WHAT YOU NEED TO DO – Leaving out every picture, copy the lines of the material below exactly, from the line containing "a suitable liquid" through the line containing "In Too Deep: Crime".

LISTED RECORDS –
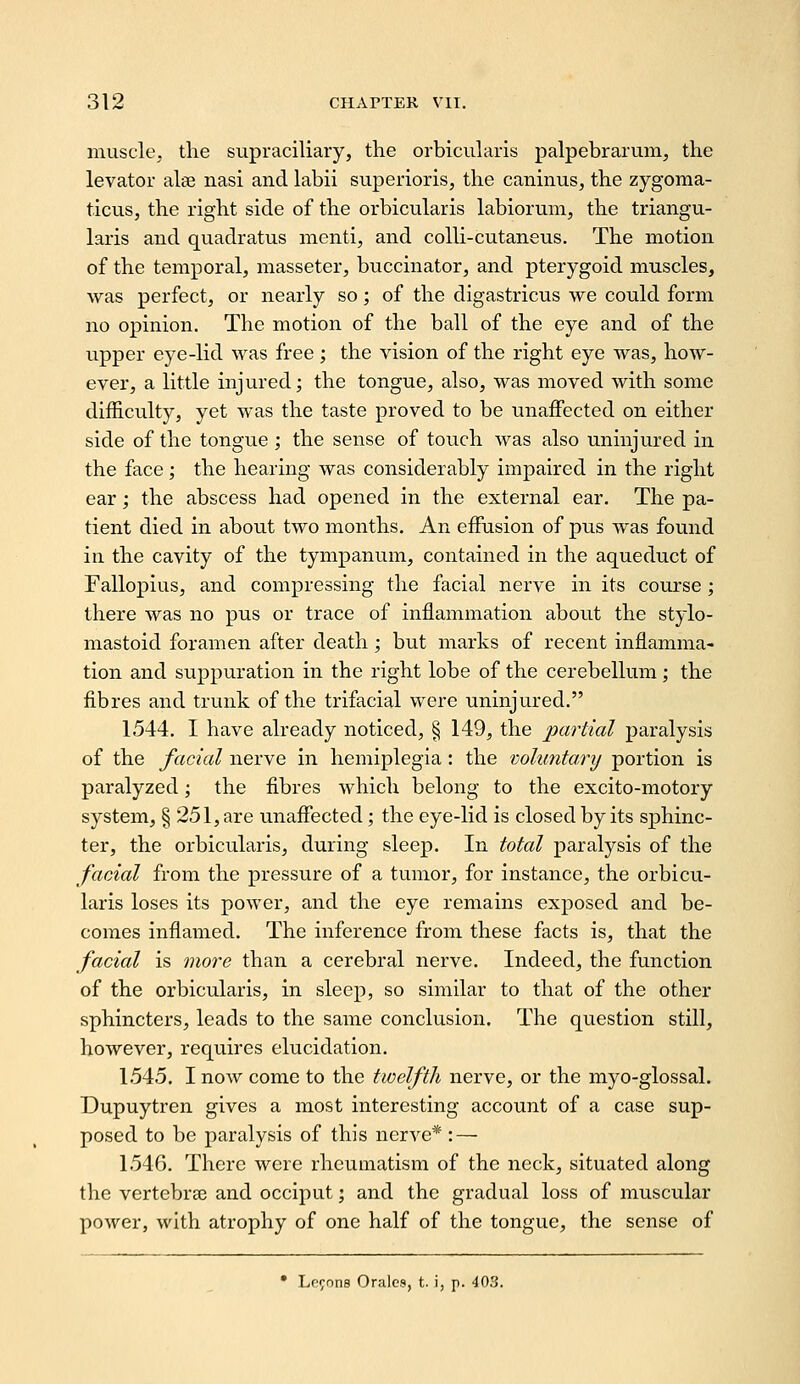 muscle, the supraciliary, the orbicuhiris palpebrarum, the levator alse nasi and labii superioris, the caninus, the zygoma- ticus, the right side of the orbicularis labioruni, the triangu- laris and quadratus menti, and coUi-cutaneus. The motion of the temporal, masseter, buccinator, and pterygoid muscles, was perfect, or nearly so; of the digastricus we could form no opinion. The motion of the ball of the eye and of the upper eye-lid was free ; the vision of the right eye was, how- ever, a little injured; the tongue, also, was moved with some difficvilty, yet was the taste proved to be unaifected on either side of the tongue ; the sense of touch was also uninjured in the face; the hearing was considerably impaired in the right ear; the abscess had opened in the external ear. The pa- tient died in about two months. An effusion of pus was found in the cavity of the tympanum, contained in the aqueduct of Fallopius, and compressing the facial nerve in its course ; there was no pus or trace of inflammation about the stylo- mastoid foramen after death; but marks of recent inflamma- tion and suppuration in the right lobe of the cerebellum; the fibres and trunk of the trifacial were uninjured. 1544. I have already noticed, § 149, the partial paralysis of the facial nerve in hemiplegia: the voluntary portion is paralyzed; the fibres which belong to the excito-motory system, § 251, are unaffected; the eye-lid is closed by its sphinc- ter, the orbicularis, during sleep. In total paralysis of the facial from the pressure of a tumor, for instance, the orbicu- laris loses its power, and the eye remains exposed and be- comes inflamed. The inference from these facts is, that the facial is more than a cerebral nerve. Indeed, the function of the orbicularis, in sleep, so similar to that of the other sphincters, leads to the same conclusion. The question still, however, requires elucidation. 1545. I now come to the twelfth nerve, or the myo-glossal. Dupuytren gives a most interesting account of a case sup- posed to be paralysis of this nerve*: — 1546. There were rheumatism of the neck, situated along the vertcbrse and occiput; and the gradual loss of muscular power, with atrophy of one half of the tongue, the sense of • Lfrnns Orales, t. i, p. 403.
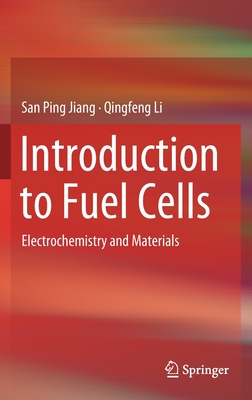 Introduction to Fuel Cells: Electrochemistry and Materials - Jiang, San Ping, and Li, Qingfeng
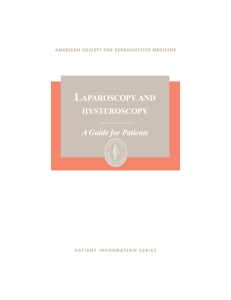 LAPAROSCOPY AND HYSTEROSCOPY A Guide for Patients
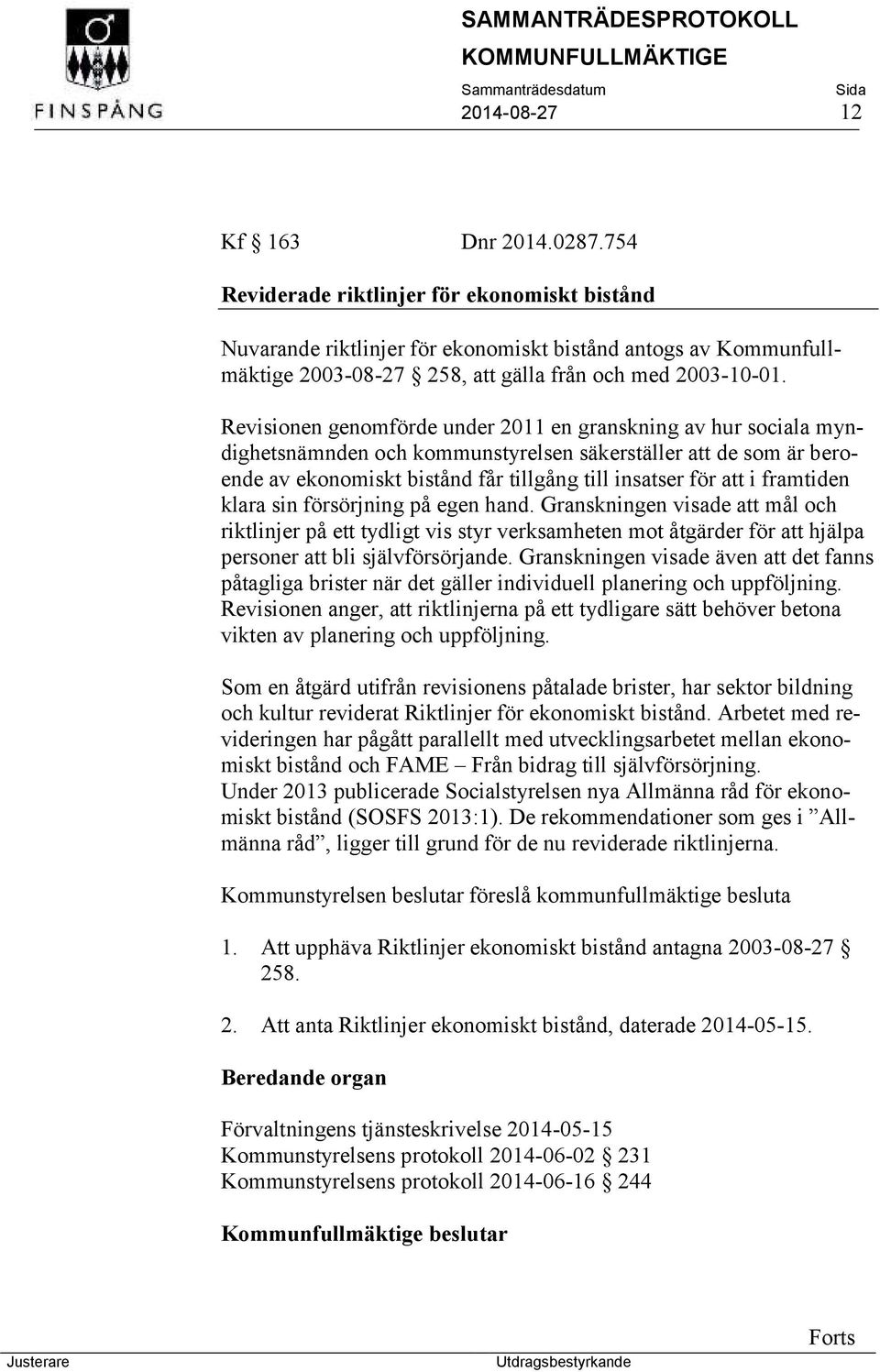 Revisionen genomförde under 2011 en granskning av hur sociala myndighetsnämnden och kommunstyrelsen säkerställer att de som är beroende av ekonomiskt bistånd får tillgång till insatser för att i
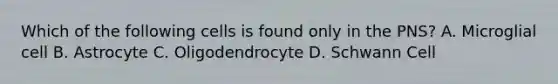 Which of the following cells is found only in the PNS? A. Microglial cell B. Astrocyte C. Oligodendrocyte D. Schwann Cell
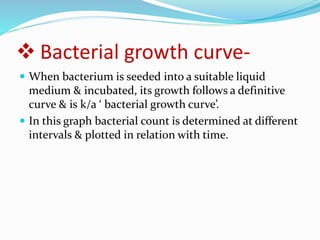  Bacterial growth curve-
 When bacterium is seeded into a suitable liquid
medium & incubated, its growth follows a definitive
curve & is k/a ‘ bacterial growth curve’.
 In this graph bacterial count is determined at different
intervals & plotted in relation with time.
 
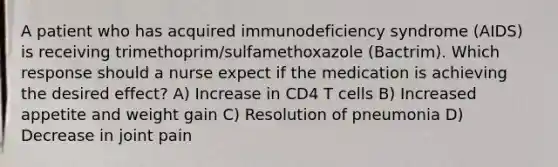 A patient who has acquired immunodeficiency syndrome (AIDS) is receiving trimethoprim/sulfamethoxazole (Bactrim). Which response should a nurse expect if the medication is achieving the desired effect? A) Increase in CD4 T cells B) Increased appetite and weight gain C) Resolution of pneumonia D) Decrease in joint pain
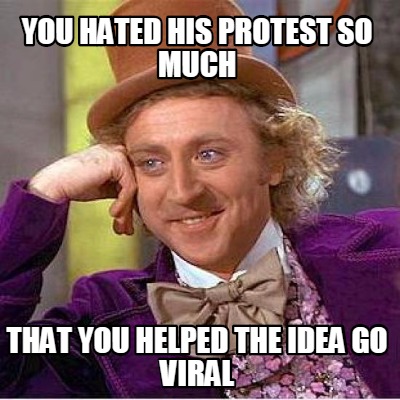 you-hated-his-protest-so-much-that-you-helped-the-idea-go-viral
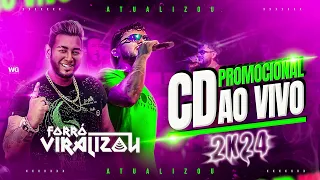 FORRÓ VIRALIZOU - CD PROMOCIONAL - AO VIVO 2k24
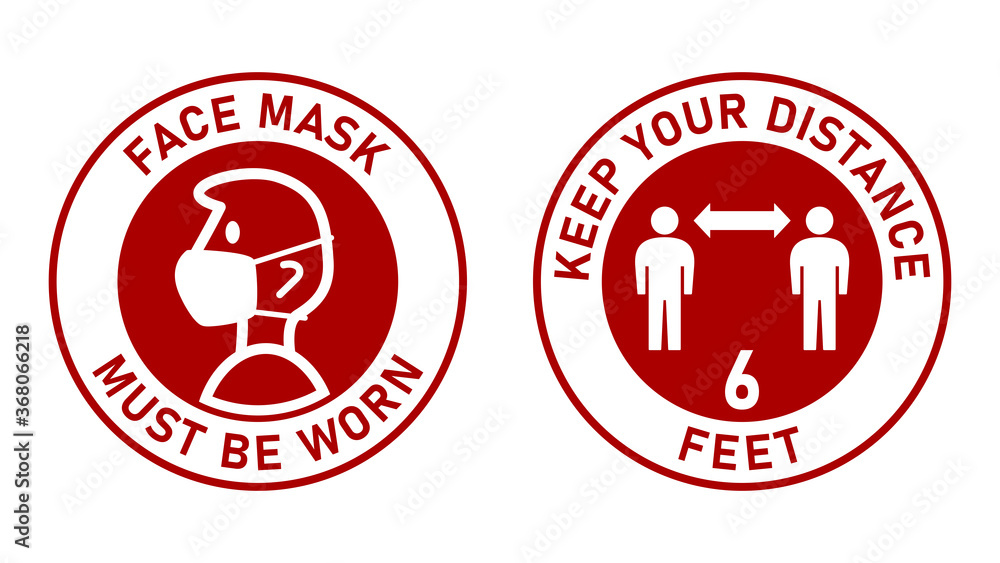 Set of Circular Measure Warning Signs against the Spread of Coronavirus including Face Mask Must Be Worn and Keep Your Distance 6 Feet. Vector Image. Set of Circular Measure Warning Signs against the Spread of Coronavirus including Face Mask Must Be Worn and Keep Your Distance 6 Feet. Vector Image.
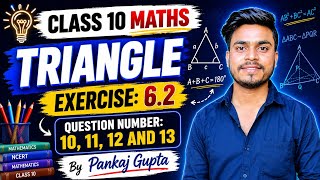 TRIANGLE CLASS 10 MATHS CHAPTER -06 | EXERCISE : 6.2 | Q . NO. 10,11,12 &amp; 13 | #viral #viralvideo 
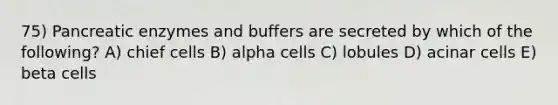 75) Pancreatic enzymes and buffers are secreted by which of the following? A) chief cells B) alpha cells C) lobules D) acinar cells E) beta cells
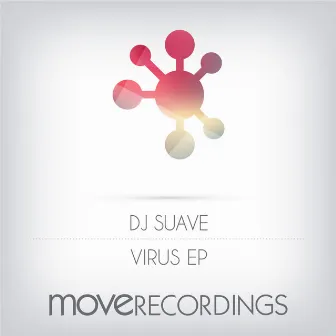 Virus EP by DJ Suave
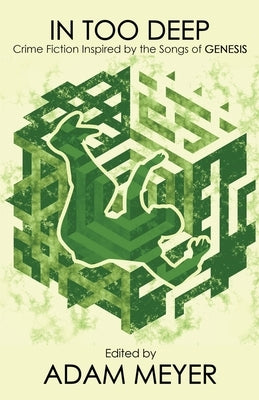 In Too Deep: Crime Stories Inspired by the Songs of Genesis by Meyer, Adam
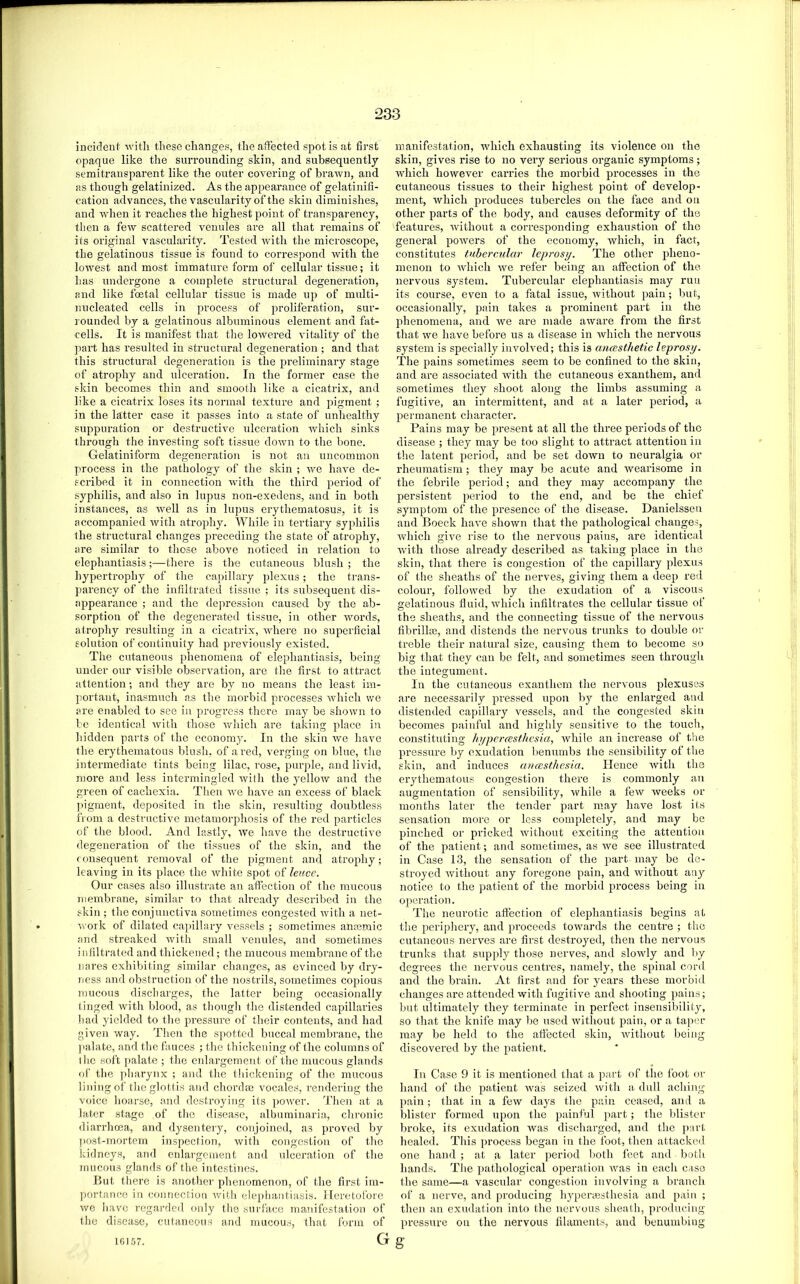 inciclenl' with these changes, the affected spot is at first opaque like the surrounding skin, and subsequently semiti’ansparent like the outer covering of brawn, and as though gelatinized. As the appearance of gelatinifi- cation advances, the vascularity of the skin diminishes, and when it reaches the highest point of transparency, then a few scattered venules are all that remains of its original vascularity. Tested with the microscope, the gelatinous tissue is found to correspond with the lowest and most immature form of cellular tissue; it has undergone a complete structural degeneration, and like foetal cellular tissue is made up of multi- nucleated cells in process of proliferation, sur- l ounded by a gelatinous albuminous element and hit- cells. It is manifest that the lowered vitality of the part has resulted in structural degeneration ; and that this structural degeneration is the preliminary stage of atrophy and ulceration. In the former case the skin becomes thin and smooth like a cicatrix, and like a cicatrix loses its normal texture and pigment ; in the latter case it passes into a state of unhealthy suppuration or destructive ulceration Avhich sinks through the investing soft tissue down to the bone. Gelatiniforra degeneration is not an uncommon process in the pathology of the skin ; ive have de- scribed it in connection with the third period of syphilis, and also in lupus non-exedens, and in both instances, as well as in lupus erythematosus, it is accompanied with atrophy. While in tertiary syphilis the structural changes preceding the state of atrophy, are similar to those above noticed in relation to elephantiasis;—there is the cutaneous blush; the hypertrophy of the capillary plexus; the trans- parency of the infiltrated tissue ; its subsequent dis- appearance ; and the dejiression caused by the ab- sorption of the degenerated tissue, in other words, atrophy resulting in a cicatrix, where no superficial solution of continuity had previously existed. The cutaneous phenomena of elephantiasis, being under our visible obsenm-tion, are the first to attract attention; and they are by no means the least im- portant, inasmuch as the morbid processes Avhich we are enabled to see in progress there may be shown to be identical with those Avhich are taldng place in hidden parts of the economy. In the skin we have the erythematous blush, of a red, vei'ging on blue, the intermediate tints being lilac, rose, purple, and livid, more and less intermingled ivitli the yelloiv and the green of cachexia. Then ive have an excess of black ])ignient, deposited in the skin, resulting doubtless from a destructive metamorphosis of the red particles of the blood. And lastly, ive have the destructive degeneration of the tissues of the skin, and the consequent removal of the pigment and atrophy; leaving in its place the ivhite spot of leme. Our cases also illustrate an aflection of the mucous membrane, similar to that already described in the skin ; the conjunctiva sometimes congested ivith a net- Avork of dilated cai)illary A'cssels ; sometimes anaemic and streaked Avith small A'enules, and sometimes inliltratecl and thickened; the mucous membrane of the nares exhibiting similar changes, as evinced by dry- ness and obstruction of the nostrils, sometimes copious mucous discharges, the latter being occasionally tinged Avith blood, as though the distended capillaries had yielded to the pressure of their contents, and had given way. Then the spotted buccal membrane, the ]>alate, and the fauces ; the thickening of the columns of the soft palate ; the enlargement of the mucous glands of the ])harynx ; and the thickening of the mucous lining of the glottis and chordee vocales, rendering the voice hoarse, and destroying its poAver. Then at a later stage of the disease, albuminaria, chronic diarrhoea, and dysentery, conjoined, as proved by post-mortem inspection, Avith congestion of the kidneys, and enlargement and ulceration of the mucous glands of the intestines. But there is another phenomenon, of the first im- portance in connection Avith elephantiasis. Heretofore Ave have regarded only the surface manifestation of the disease, cutaneous and mucous, that form of manifestation, which exhausting its violence on the skin, gives rise to no very serious organic symptoms; Avhich however carries the morbid processes in the cutaneous tissues to their highest point of develop- ment, Avhich produces tubercles on the face and on other parts of the body, and causes deformity of the features, Avithout a corresponding exhaustion of the general poAvers of the economy, which, in fact, constitutes tuhercAilar leprosy. The other pheno- menon to Avhich Ave refer being an affection of the nervous system. Tubercular elephantiasis may run its course, even to a fatal issue, without pain; but, occasionally, pain takes a prominent part in the phenomena, and Ave are made aAvare from the first that Ave have before us a disease in which the nervous system is specially involA'ed; this is ancesthetic leprosy. The pains sometimes seem to be confined to the skin, and are associated Avith the cutaneous exanthem, and sometimes they shoot along the limbs assuming a fugitive, an intermittent, and at a later period, a permanent character. Pains may be present at all the three periods of the disease ; they may be too slight to attract attention in the latent period, and be set down to neuralgia or rheumatism ; they may be acute and Avearisome in the febrile period; and they may accompany the persistent period to the end, and be the chief symptom of the presence of the disease. Danielsseii and Boeck have shoAvn that the pathological changes, Avhich give rise to the nervous pains, are identical Avith those already described as taking place in the skin, that there is congestion of the capillary plexus of the sheaths of the nerves, giving them a deep red coloui’, folloAved by the exudation of a viscous gelatinous fluid, Avhich infiltrates the cellular tissue of the sheaths, and the connecting tissue of the nervous fibrillas, and distends the nei’Amus trunks to double or treble their natural size, causing them to become so big that they can be felt, and sometimes seen through the integument. In the cutaneous exanthom the nervous plexuses are necessarily pressed upon by the enlarged and distended capillary vessels, and the congested skin becomes painful and highly sensitive to the touch, constituting hypercesthesia, Avhiie an increase of t!ie pressure by exudation benumbs the sensibility of the skin, and induces enuesthesia. Hence Avith the erythematous congestion there is commonly an augmentation of sensibility, Avhile a fcAv Aveeks or months later the tender part may have lost its sensation more or less completely, and may be pinched or pricked Avithout exciting the attention of the patient; and sometimes, as Ave see illustrated in Case 13, the sensation of the part may bo de- stroyed Avithout any foregone pain, and Avithout an}'- notice to the patient of the morbid process being in operation. The neurotic aflection of elephantiasis begins at the periphery, and proceeds toAvards the centre ; the cutaneous nerves are first destroyed, then the nervous trunks that supply those nerves, and sloAvly and by degrees the nervous centres, namely, the spinal cord and the brain. At first and for years these morbid changes are attemled Avith fugitive and shooting pains; but ultimately they terminate in perfect insensibility, so that the knife may be used Avithout pain, or a taper may be held to the affected skin, Avithout being discovered by the patient. In Case 9 it is mentioned that a part of the foot or hand of the patient Avas seized Avith a dull aching pain; that in a fcAV days the pain ceased, and a blister formed upon the painful part; the blister broke, its exudation Avas discharged, and the part healecl. This process began in the foot, then attacked one hand ; at a later period both feet and both hands. The pathological operation Avas in each case the same—a vascular congestion involving a branch of a nerve, and producing hypenesthesia and pain ; then an exudation into the nervous sheath, producing pressure on the nervous filaments, and benumbing Gg lfil57.
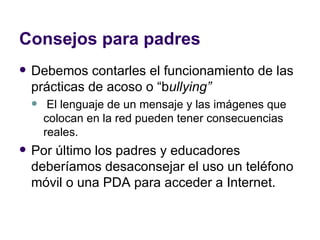 Consejos para padres Debemos contarles el funcionamiento de las prácticas de acoso o “b ullying” El lenguaje de un mensaje y las imágenes que colocan en la red pueden tener consecuencias reales.  Por último los padres y educadores deberíamos desaconsejar el uso un teléfono móvil o una PDA para acceder a Internet. 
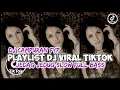 Download Lagu DJ CAMPURAN TIK TOK VIRAL 2024 FULL BASS JEDAG JEDUG YANG BISA DI DOWNLOAD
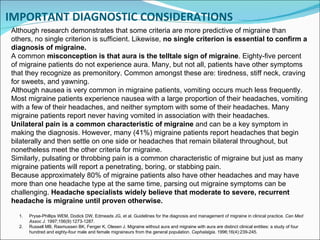 IMPORTANT DIAGNOSTIC CONSIDERATIONS Although research demonstrates that some criteria are more predictive of migraine than others, no single criterion is sufficient. Likewise,  no single criterion is essential to confirm a diagnosis of migraine. A common  misconception is that aura is the telltale sign of migraine . Eighty-five percent of migraine patients do not experience aura. Many, but not all, patients have other symptoms that they recognize as premonitory. Common amongst these are: tiredness, stiff neck, craving for sweets, and yawning. Although nausea is very common in migraine patients, vomiting occurs much less frequently. Most migraine patients experience nausea with a large proportion of their headaches, vomiting with a few of their headaches, and neither symptom with some of their headaches. Many migraine patients report never having vomited in association with their headaches. Unilateral pain is a common characteristic of migraine  and can be a key symptom in making the diagnosis. However, many (41%) migraine patients report headaches that begin bilaterally and then settle on one side or headaches that remain bilateral throughout, but nonetheless meet the other criteria for migraine. Similarly, pulsating or throbbing pain is a common characteristic of migraine but just as many migraine patients will report a penetrating, boring, or stabbing pain. Because approximately 80% of migraine patients also have other headaches and may have more than one headache type at the same time, parsing out migraine symptoms can be challenging.  Headache specialists widely believe that moderate to severe, recurrent headache is migraine until proven otherwise. Pryse-Phillips WEM, Dodick DW, Edmeads JG, et al. Guidelines for the diagnosis and management of migraine in clinical practice.  Can Med Assoc J . 1997;156(9):1273-1287. Russell MB, Rasmussen BK, Fenger K, Olesen J. Migraine without aura and migraine with aura are distinct clinical entities: a study of four hundred and eighty-four male and female migraineurs from the general population.  Cephalalgia . 1996;16(4):239-245.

ANSWER SECTION –
 When bacterium is seeded into a suitable liquid
medium & incubated, its growth follows a definitive
curve & is k/a ‘ bacterial growth curve’.
 In this graph bacterial count is determined at different
intervals & plotted in relation with time.
 
 A patient who has acquired immunodeficiency syndrome (AIDS) is receiving trimethoprim/sulfamethoxazole (Bactrim). Which response should a nurse expect if the medication is achieving the desired effect? A) Increase in CD4 T cells B) Increased appetite and weight gain C) Resolution of pneumonia D) Decrease in joint pain
 you-hated-his-protest-so-much-that-you-helped-the-idea-go-viral
 FORRÓ VIRALIZOU - CD PROMOCIONAL - AO VIVO 2k24
 Set of Circular Measure Warning Signs against the Spread of Coronavirus including Face Mask Must Be Worn and Keep Your Distance 6 Feet. Vector Image. Set of Circular Measure Warning Signs against the Spread of Coronavirus including Face Mask Must Be Worn and Keep Your Distance 6 Feet. Vector Image.
 TRIANGLE CLASS 10 MATHS CHAPTER -06 | EXERCISE : 6.2 | Q . NO. 10,11,12 &amp; 13 | #viral #viralvideo 
 75) Pancreatic enzymes and buffers are secreted by which of the following? A) chief cells B) alpha cells C) lobules D) acinar cells E) beta cells
 Virus EP by DJ Suave
 In Too Deep: Crime Stories Inspired by the Songs of Genesis by Meyer, Adam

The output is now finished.